En Montecarlo, todo parece estar en su lugar, como si el tiempo se moviera según una partitura muy cuidada. Los coches de alta gama recorren las pronunciadas curvas con discreción, los camareros se desplazan con elegancia entre terrazas impecables y las conversaciones apenas suben el tono. Hay algo casi coreográfico en la forma en que se desarrolla la vida cotidiana. Es una dinámica en la que cada movimiento fluye dentro de una órbita que gira en torno al lujo, al confort y a cierto tipo de exclusividad que ha sabido mantenerse vigente sin estridencias.
Montecarlo no siempre fue así. A mediados del siglo XIX, el pequeño principado de Mónaco atravesaba dificultades económicas. Fue entonces cuando el príncipe Carlos III decidió apostar por una fórmula atrevida: autorizar el juego para atraer a una clientela adinerada europea. Así nació el Casino de Montecarlo, inaugurado en 1863 y diseñado por Charles Garnier, el mismo arquitecto que firmó la Ópera de París.
El Casino de Montecarlo fue inaugurado en 1863 y diseñado por Charles Garnier
La apuesta fue arriesgada, pero funcionó: pronto llegaron aristócratas, magnates, artistas y viajeros atraídos por un estilo de vida hedonista, soleado y refinado.
Ese edificio de estilo belle époque, con su fachada ornamentada y salones bañados en dorados y terciopelos, se convirtió en símbolo y motor de una identidad urbana. Por sus salones han pasado desde Grace Kelly y Frank Sinatra hasta figuras contemporáneas como Leonardo DiCaprio o Naomi Campbell. Y no tardaron en sumarse otros ingredientes: el Gran Premio de Fórmula 1, que desde 1929 transforma las calles en circuito; el ballet de Montecarlo, heredero de la tradición rusa; el Yacht Club, los desfiles de alta costura, las subastas de relojería y arte. Todo contribuyó a consolidar ese imaginario donde el lujo no es solo una cuestión de dinero, sino de elitismo, buen gusto y permanencia.
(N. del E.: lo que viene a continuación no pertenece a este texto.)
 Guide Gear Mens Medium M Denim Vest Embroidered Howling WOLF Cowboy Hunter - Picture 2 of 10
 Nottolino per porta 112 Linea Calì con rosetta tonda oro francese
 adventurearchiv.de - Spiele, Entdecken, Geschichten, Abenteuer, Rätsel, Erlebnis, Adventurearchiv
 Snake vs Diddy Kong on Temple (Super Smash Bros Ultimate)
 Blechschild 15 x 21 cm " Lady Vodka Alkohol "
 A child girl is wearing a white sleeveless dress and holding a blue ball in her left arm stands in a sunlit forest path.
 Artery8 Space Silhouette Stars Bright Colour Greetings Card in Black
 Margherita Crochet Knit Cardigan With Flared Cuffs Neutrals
Materiales nobles y taquillas en los que se guardan los puros de los miembros para su uso
Hoy, Montecarlo sigue siendo punto de encuentro de figuras del deporte, el cine, las finanzas y la música. Es habitual ver a celebridades como Roger Federer, Bono o Lewis Hamilton, todos propietarios o visitantes frecuentes. Pero aquí la celebridad se vive con naturalidad: la discreción es parte del código.
Esa idea de elegancia sobria se traduce en las joyerías de la Place du Casino, los yates perfectamente alineados al atardecer y también, en placeres más sensoriales, como el de fumar un buen cigarro. Por eso, no sorprende que entre las últimas incorporaciones al paisaje de Montecarlo figure el nuevo Monte-Carlo Cigar Club, precisamente, dentro del casino.
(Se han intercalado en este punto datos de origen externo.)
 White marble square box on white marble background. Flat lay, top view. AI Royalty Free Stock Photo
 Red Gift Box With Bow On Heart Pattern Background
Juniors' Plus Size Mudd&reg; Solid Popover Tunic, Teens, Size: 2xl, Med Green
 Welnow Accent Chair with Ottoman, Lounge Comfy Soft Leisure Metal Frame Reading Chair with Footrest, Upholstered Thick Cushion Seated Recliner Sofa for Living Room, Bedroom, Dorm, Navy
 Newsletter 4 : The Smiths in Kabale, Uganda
Un nuevo club para los amantes de los puros y la buena vida
Concebido por el estudio Moinard Bétaille, el club está pensado para quienes encuentran placer en el humo pausado, en las texturas nobles, en las conversaciones íntimas. Para ambientar, la paleta de colores en rosas, azules, rojos y bronce, junto con la luz que entra a raudales por los grandes ventanales y los materiales en madera evocan tanto las calles vibrantes de La Habana como los cascos antiguos de la Costa Azul.
Y, como en Montecarlo nada es accesorio, hasta los cigarros son tratados como joyas. Una sala climatizada especialmente diseñada alberga el humidor, donde se conservan algunos de los mejores cigarros del mundo, disponibles para miembros selectos. En una pared se ubican los casilleros individuales de madera preciosa—cada uno con una llave para cada miembro—sirve como biblioteca olfativa de puros finos. Incluso se ha reservado una taquilla especial para el príncipe, en un gesto que resume la mezcla entre exclusividad y reverencia que define al club.

Monte-Carlo Cigar Club alberga algunos de los mejores puros del mundo
Al otro lado se encuentra el largo mostrador de oníx del bar donde sentarse en cómodos taburetes mientras se observa una impresionante colección de whiskies, coñacs y rones excepcionales.
Quienes quieran disfrutarlo, podrán hacerlo a partir del 28 de mayo, fecha de su apertura. Un club que, en realidad, no pretende brillar por encima de nada, sino sumarse con naturalidad al ecosistema de refinamiento que define la ciudad.